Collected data
>>

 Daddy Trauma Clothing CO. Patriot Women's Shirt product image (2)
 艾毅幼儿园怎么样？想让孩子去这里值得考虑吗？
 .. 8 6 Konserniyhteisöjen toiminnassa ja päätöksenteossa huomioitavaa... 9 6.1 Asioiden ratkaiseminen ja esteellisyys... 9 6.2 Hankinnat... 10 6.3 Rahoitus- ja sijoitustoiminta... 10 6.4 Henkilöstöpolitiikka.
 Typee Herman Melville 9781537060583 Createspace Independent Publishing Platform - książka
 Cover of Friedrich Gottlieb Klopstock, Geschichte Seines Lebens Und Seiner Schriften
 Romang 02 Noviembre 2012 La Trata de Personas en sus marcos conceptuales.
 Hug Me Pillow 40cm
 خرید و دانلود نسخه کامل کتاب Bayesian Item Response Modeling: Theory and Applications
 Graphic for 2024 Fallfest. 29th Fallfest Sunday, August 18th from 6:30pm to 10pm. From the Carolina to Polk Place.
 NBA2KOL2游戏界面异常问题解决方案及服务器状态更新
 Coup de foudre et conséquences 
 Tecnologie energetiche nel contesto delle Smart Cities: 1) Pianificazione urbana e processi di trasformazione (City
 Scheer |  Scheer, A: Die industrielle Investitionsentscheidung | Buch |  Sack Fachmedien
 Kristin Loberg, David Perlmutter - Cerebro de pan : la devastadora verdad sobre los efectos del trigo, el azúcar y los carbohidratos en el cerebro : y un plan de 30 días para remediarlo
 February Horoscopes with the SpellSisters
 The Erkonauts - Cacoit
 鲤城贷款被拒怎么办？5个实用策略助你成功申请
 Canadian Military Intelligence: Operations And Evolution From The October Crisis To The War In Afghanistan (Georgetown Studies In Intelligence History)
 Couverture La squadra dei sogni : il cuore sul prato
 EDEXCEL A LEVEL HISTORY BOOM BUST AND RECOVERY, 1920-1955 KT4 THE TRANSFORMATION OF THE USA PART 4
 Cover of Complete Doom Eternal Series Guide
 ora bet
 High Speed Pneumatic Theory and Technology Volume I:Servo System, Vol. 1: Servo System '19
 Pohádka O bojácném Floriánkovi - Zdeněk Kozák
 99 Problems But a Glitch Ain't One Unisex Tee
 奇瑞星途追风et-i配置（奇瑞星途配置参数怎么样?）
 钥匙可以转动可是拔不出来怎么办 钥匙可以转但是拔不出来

<<

Reproduce exactly, and only, the lines from the start of the entries through the one that contains "Typee Herman Melville".

 Daddy Trauma Clothing CO. Patriot Women's Shirt product image (2)
 艾毅幼儿园怎么样？想让孩子去这里值得考虑吗？
 .. 8 6 Konserniyhteisöjen toiminnassa ja päätöksenteossa huomioitavaa... 9 6.1 Asioiden ratkaiseminen ja esteellisyys... 9 6.2 Hankinnat... 10 6.3 Rahoitus- ja sijoitustoiminta... 10 6.4 Henkilöstöpolitiikka.
 Typee Herman Melville 9781537060583 Createspace Independent Publishing Platform - książka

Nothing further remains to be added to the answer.